I am spending this weekend working on the results section of my study. I spent 2 days on the descriptive statistics (all 134 variables) and probably still need to add more discussion on some of them. Those sections included t-tests and chi-square based on my key outcome variable to see which items matter. I even limited the ones I would move into the logistic regression based upon effect sizes.
So I’m trying to run the logistic regressions today. First I put each of the most promising set of variables in individually. When you do a logistic regression in SPSS it’s base model is to look at the distribution of the outcome variable. If more than 50% have the outcome variable, guess all have it. If less, guess none have it.
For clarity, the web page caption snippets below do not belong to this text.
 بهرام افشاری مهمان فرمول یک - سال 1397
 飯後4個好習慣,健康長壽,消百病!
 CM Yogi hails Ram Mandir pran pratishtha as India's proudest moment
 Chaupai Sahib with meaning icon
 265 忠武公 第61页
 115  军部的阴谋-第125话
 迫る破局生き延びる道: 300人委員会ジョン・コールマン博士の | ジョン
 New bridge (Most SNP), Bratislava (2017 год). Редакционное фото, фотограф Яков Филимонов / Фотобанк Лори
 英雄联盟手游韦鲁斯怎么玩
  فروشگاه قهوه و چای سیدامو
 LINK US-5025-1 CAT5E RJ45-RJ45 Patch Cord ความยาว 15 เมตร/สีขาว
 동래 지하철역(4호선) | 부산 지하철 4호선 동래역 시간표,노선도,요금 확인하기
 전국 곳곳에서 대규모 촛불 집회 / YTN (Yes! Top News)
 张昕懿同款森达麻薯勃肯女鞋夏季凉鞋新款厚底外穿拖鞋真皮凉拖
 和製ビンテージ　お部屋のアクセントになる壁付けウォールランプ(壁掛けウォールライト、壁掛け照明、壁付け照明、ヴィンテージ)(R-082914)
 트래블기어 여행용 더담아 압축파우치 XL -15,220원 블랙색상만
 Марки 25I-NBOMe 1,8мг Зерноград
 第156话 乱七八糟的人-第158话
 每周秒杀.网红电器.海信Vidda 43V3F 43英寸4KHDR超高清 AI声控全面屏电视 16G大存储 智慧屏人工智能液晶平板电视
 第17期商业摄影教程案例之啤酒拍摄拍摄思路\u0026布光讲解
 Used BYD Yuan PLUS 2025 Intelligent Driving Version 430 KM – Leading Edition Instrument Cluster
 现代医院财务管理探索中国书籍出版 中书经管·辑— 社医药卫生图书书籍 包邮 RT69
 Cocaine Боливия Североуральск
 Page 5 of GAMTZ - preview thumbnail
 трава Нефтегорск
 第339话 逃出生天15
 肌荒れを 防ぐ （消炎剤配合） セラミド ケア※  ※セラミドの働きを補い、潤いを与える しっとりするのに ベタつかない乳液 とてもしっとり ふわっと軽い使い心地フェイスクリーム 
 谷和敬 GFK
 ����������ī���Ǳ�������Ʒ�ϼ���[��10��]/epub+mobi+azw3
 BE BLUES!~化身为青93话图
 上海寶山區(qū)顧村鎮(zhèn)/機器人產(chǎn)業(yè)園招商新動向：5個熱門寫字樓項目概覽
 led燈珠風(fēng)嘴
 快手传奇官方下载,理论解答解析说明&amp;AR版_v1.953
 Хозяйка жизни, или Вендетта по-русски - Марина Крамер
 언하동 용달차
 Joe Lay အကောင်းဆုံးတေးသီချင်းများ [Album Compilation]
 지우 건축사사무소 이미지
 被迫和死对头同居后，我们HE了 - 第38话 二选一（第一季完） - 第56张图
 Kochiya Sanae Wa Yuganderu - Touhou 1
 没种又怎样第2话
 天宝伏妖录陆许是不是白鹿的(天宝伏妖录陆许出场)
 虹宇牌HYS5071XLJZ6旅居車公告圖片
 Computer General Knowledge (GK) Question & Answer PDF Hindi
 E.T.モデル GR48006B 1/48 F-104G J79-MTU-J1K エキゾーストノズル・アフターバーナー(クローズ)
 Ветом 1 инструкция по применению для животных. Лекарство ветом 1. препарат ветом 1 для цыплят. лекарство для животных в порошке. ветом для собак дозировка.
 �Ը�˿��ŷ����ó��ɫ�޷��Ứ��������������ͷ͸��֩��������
For me this makes a blind guess around 70% correct.
The ONLY version of the model that adds anything substantive (around 10% better prediction) uses the two variables that you get latest in the process – like at the same time you get the outcome variable. Specifically you can make a better guess as to whether someone will need placement into remedial math if you know whether they needed to be placed in remedial reading or writing. Unfortunately that’s a bit too late to do anything about the situation.
All of the other potentially predictive variables, including high school GPA, math test scores at two different points, math self-efficacy, or demographic stuff, fails to add more than 0.1% to the predictiveness of the model. Worse, some of these actually reduce it by up to 0.7%.
I don’t know what I’m doing wrong here….I mean, I didn’t expect a nobel prize for this thing, but I expected to find something. People do it all the time. I have to assume I’m doing something wrong…..I just don’t know what…
Prediction is hard. One can make a very good model of tomorrow’s weather by guessing that it will be the same as today’s. In some places this approach can work really well. Yet all of the work of meterology adds about 10% to the model . . .
So I wouldn’t use 70% as the threshold. It is a non-deterministic system and it can be hard to separate people in the middle. In the financial industry we often had risk models with 65% concordance — but that was enough to do a lot with.